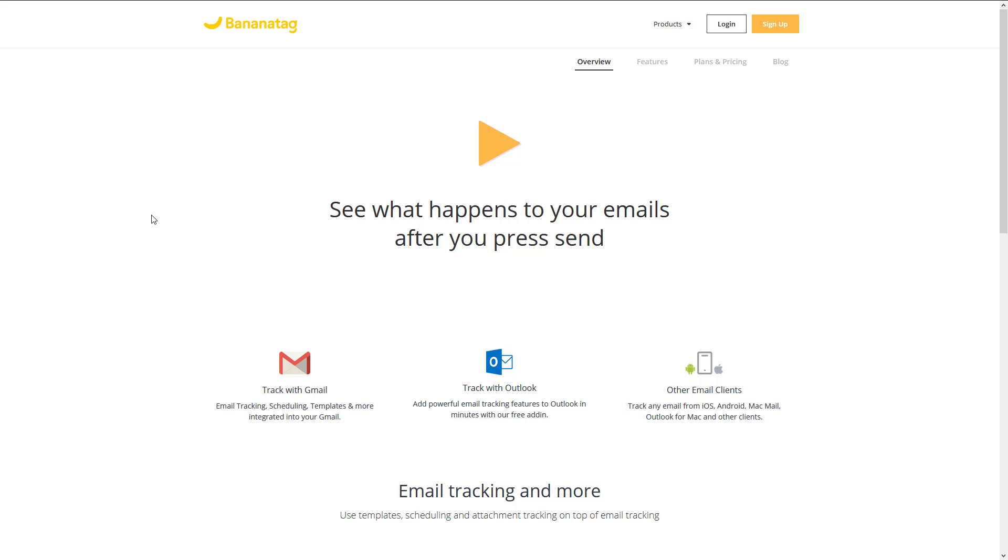What it does is this: when you send an email out to a person, BananaTag is going to tell you when that person opened that email. You're going to get an email back.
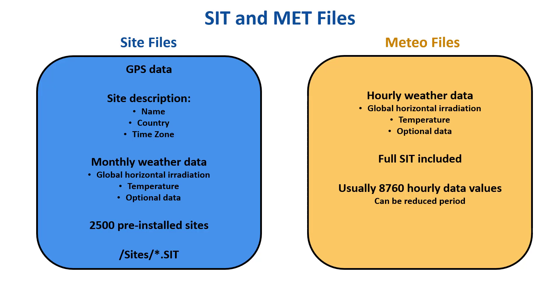This may be useful for analyzing measured data on site. The Meteo files have an extension .met and are stored in the workspace directory, slash Meteo.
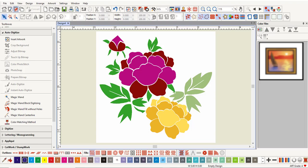Auto digitize will give you more control over the conversion settings than instant auto digitize. Insert the image you want to use and then resize and crop the artwork if necessary.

▶ _INSTRUCTIONS TO FOLLOW_
For this exercise, restate the material exactly and skip every picture.

▶ _WRITTEN ANSWER_
What it does is this: when you send an email out to a person, BananaTag is going to tell you when that person opened that email. You're going to get an email back.
This may be useful for analyzing measured data on site. The Meteo files have an extension .met and are stored in the workspace directory, slash Meteo.
Auto digitize will give you more control over the conversion settings than instant auto digitize. Insert the image you want to use and then resize and crop the artwork if necessary.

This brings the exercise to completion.